The density of a **hurdle** family is given by
$$
f_z(y) = z \quad \text{if } y = 0 \\
f_z(y) = (1 - z) f(y) / (1 - f(0)) \quad \text{if } y > 0
$$
Currently implemented families are **hurdle_poisson**, **hurdle_negbinomial**,
**hurdle_gamma**, and **hurdle_lognormal**.

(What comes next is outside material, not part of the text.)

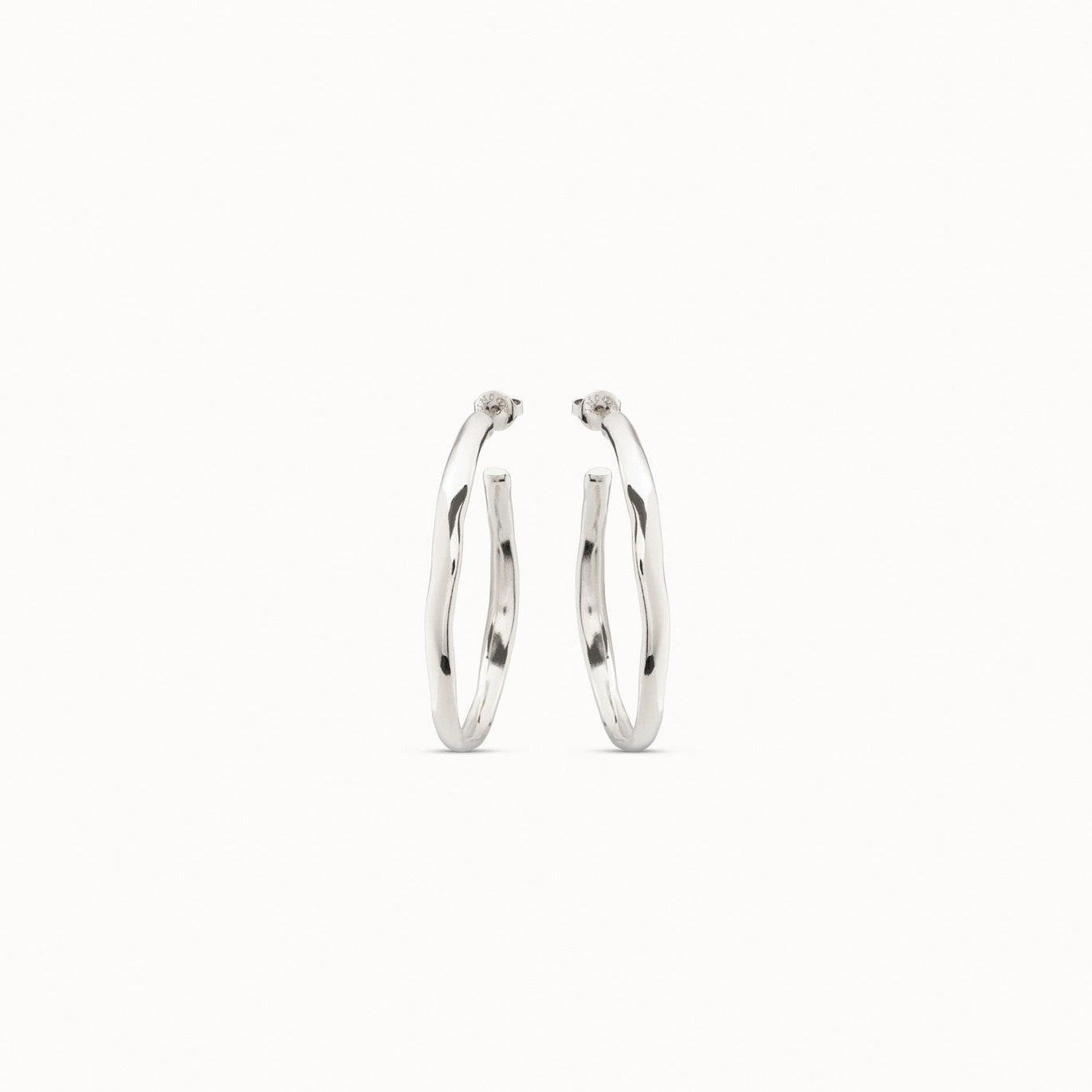 UNO de 50 Silver Tone Hoop Earrings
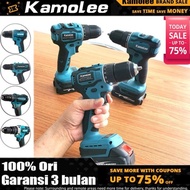 [COD] Kamolee Electric drill Bor Cas Original 10mm/13mm Brushed/Brushless Cordless Bor Listrik Bor C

The density of a **zero-one-inflated** family is given by
$$
f_{\alpha, \gamma}(y) = \alpha (1 - \gamma) \quad \text{if } y = 0 \\
f_{\alpha, \gamma}(y) = \alpha \gamma \quad \text{if } y = 1 \\
f_{\alpha, \gamma}(y) = (1 - \alpha) f(y) \quad \text{if } y \notin \{0, 1\}
$$
where $\alpha$ is the zero-one-inflation probability (i.e. the probability that
zero or one occurs) and $\gamma$ is the conditional one-inflation probability
(i.e. the probability that one occurs rather than zero). Currently implemented
families are **zero_one_inflated_beta**.